Memoir, Correspondence, And Miscellanies, From The Papers Of Thomas Jefferson, Volume 3 eBook

This eBook from the Gutenberg Project consists of approximately 747 pages of information about Memoir, Correspondence, And Miscellanies, From The Papers Of Thomas Jefferson, Volume 3.

Memoir, Correspondence, And Miscellanies, From The Papers Of Thomas Jefferson, Volume 3 eBook

This eBook from the Gutenberg Project consists of approximately 747 pages of information about Memoir, Correspondence, And Miscellanies, From The Papers Of Thomas Jefferson, Volume 3.

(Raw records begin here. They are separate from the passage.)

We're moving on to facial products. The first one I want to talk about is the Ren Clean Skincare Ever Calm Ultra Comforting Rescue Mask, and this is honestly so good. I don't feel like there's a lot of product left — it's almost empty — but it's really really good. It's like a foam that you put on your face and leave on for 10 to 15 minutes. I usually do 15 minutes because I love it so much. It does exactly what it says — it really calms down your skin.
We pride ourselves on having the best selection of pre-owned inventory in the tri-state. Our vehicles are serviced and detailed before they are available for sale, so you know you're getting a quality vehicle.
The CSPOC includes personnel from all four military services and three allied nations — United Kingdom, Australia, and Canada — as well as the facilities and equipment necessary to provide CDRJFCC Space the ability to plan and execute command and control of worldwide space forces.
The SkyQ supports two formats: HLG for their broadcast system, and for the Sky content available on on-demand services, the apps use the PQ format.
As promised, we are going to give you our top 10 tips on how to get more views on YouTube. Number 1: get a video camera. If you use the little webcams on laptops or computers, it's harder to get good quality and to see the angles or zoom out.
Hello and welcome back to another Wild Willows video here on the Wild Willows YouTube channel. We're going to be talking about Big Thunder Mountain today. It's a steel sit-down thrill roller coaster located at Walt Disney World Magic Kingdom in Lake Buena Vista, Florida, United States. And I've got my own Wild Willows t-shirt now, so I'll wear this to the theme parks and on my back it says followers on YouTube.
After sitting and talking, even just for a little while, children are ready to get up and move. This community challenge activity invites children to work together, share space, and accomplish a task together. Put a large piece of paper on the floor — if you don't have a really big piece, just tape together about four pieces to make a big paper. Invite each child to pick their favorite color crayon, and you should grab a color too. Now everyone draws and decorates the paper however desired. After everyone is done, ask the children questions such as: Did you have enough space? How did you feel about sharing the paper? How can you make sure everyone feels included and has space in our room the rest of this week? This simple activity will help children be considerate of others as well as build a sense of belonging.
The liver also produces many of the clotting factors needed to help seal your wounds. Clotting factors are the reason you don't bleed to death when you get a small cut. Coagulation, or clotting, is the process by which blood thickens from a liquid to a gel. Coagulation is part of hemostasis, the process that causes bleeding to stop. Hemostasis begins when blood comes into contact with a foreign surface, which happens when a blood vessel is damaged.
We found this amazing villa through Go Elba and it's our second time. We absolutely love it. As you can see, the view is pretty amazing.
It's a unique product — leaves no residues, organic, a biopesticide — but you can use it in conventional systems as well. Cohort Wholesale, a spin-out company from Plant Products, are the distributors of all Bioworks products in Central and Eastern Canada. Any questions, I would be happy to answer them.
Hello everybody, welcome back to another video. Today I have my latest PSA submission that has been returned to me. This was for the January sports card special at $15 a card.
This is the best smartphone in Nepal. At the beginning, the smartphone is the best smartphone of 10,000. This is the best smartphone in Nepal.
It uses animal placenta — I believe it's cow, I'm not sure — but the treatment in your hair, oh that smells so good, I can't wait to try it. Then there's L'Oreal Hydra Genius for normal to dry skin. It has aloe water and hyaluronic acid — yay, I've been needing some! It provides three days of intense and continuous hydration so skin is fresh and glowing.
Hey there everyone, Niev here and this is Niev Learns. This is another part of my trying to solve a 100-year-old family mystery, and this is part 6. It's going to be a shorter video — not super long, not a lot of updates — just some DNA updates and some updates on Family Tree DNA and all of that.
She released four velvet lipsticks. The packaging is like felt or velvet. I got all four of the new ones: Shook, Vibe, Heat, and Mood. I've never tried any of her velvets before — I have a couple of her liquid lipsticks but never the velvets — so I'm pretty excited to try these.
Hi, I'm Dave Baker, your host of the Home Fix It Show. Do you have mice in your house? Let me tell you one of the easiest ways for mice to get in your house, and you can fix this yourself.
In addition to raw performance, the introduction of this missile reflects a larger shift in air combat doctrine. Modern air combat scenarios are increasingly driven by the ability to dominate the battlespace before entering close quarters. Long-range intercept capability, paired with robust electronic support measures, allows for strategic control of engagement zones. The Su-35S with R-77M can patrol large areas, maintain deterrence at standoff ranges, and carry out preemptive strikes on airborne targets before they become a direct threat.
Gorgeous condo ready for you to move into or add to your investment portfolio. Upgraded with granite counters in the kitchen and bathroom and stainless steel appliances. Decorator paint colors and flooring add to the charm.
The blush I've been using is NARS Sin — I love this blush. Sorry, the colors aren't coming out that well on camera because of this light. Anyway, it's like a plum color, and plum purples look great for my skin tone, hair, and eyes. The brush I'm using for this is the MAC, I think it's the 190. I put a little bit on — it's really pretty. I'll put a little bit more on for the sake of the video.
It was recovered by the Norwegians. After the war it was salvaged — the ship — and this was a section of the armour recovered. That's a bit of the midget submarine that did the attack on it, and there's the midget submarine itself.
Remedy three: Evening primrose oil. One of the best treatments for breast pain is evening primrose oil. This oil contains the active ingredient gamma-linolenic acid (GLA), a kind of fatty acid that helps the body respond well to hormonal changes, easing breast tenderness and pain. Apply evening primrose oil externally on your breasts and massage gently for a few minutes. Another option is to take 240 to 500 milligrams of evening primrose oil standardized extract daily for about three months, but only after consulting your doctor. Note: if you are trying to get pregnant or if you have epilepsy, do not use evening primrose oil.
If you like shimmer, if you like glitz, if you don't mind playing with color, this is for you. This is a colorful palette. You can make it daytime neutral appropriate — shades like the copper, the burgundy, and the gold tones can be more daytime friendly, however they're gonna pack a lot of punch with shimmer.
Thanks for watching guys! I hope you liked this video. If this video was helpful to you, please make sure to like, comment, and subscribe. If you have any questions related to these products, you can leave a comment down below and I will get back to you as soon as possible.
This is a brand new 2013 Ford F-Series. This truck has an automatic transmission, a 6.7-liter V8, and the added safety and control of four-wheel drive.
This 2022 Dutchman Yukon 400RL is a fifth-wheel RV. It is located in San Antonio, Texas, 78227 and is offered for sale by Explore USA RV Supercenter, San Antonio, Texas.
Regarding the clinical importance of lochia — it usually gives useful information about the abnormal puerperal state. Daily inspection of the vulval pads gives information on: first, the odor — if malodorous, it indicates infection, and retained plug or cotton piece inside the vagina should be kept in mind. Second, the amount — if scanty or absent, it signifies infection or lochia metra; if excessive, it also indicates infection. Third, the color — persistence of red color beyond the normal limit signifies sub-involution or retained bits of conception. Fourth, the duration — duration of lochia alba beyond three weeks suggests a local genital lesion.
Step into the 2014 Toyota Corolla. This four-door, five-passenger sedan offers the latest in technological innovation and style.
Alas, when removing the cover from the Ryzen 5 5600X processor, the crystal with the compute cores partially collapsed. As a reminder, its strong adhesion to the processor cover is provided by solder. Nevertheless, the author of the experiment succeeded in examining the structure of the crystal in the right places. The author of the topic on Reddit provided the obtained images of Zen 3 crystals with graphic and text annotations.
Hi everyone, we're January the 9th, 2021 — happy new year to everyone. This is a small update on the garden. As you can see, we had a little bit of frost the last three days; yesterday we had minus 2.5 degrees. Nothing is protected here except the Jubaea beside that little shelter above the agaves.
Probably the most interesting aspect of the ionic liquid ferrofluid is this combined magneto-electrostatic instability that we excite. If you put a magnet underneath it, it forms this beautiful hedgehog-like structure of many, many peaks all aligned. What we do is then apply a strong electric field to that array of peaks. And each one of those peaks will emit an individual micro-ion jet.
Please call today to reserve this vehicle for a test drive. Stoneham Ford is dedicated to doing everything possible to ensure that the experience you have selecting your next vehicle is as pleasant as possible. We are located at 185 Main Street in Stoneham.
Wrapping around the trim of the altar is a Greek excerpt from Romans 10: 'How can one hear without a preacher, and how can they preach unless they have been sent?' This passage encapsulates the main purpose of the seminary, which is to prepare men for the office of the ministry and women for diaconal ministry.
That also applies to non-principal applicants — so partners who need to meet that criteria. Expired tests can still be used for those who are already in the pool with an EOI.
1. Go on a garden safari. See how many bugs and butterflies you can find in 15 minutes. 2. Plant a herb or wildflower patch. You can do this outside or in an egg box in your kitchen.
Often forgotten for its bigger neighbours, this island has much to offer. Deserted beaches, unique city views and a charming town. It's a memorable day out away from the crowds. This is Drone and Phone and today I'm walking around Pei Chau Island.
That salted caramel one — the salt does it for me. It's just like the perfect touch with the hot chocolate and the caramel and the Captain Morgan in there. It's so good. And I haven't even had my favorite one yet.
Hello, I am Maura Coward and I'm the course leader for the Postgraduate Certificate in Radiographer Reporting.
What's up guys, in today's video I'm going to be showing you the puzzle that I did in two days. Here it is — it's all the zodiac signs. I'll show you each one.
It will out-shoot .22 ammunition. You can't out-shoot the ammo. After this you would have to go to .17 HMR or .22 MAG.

I have turned to the constitution and laws, and find nothing to warrant the opinion that I might not have been qualified here, or wherever else I could meet with a Senator; any member of that body being authorized to administer the oath, without being confined to time or place, and consequently to make a record of it, and to deposit it with the records of the Senate.  However, I shall come on, on the principle which had first determined me, respect to the public.  I hope I shall be made a part of no ceremony whatever.  I shall escape into the city as covertly as possible.  If Governor Mifflin should show any symptoms of ceremony, pray contrive to parry them.  We have now fine mild weather here.  The thermometer is above the point which renders fires necessary.  Adieu affectionately.

Th:  Jefferson.

LETTER CCIX.—­TO JAMES SULLIVAN, February 9, 1797

TO JAMES SULLIVAN.

Monticello, February 9, 1797.

Dear Sir,

I have many acknowledgments to make for the friendly anxiety you are pleased to express in your letter of January the 12th, for my undertaking the office to which I have been elected.  The idea that I would accept the office of President, but not that of Vice-President of the United States, had not its origin with me.  I never thought of questioning the free exercise of the right of my fellow-citizens, to marshal those whom they call into their service according to their fitness, nor ever presumed that they were not the best judges of that.  Had I indulged a wish in what manner they should dispose of me, it would precisely have coincided with what they have done.  Neither the splendor, nor the power, nor the difficulties, nor the fame, or defamation, as may happen, attached to the first magistracy, have any attractions for me.  The helm of a free government is always arduous, and never was ours more so, than at a moment when two friendly people are like to be committed in war by the ill temper of their administrations.  I am so much attached to my domestic situation, that I would not have wished to leave it at all.  However, if I am to be called from it, the shortest absences and most tranquil station suit me best.  I value highly, indeed, the part my fellow-citizens gave me in their late vote, as an evidence of their esteem, and I am happy in the information you are so kind as to give, that many in the eastern quarter entertain the same sentiment.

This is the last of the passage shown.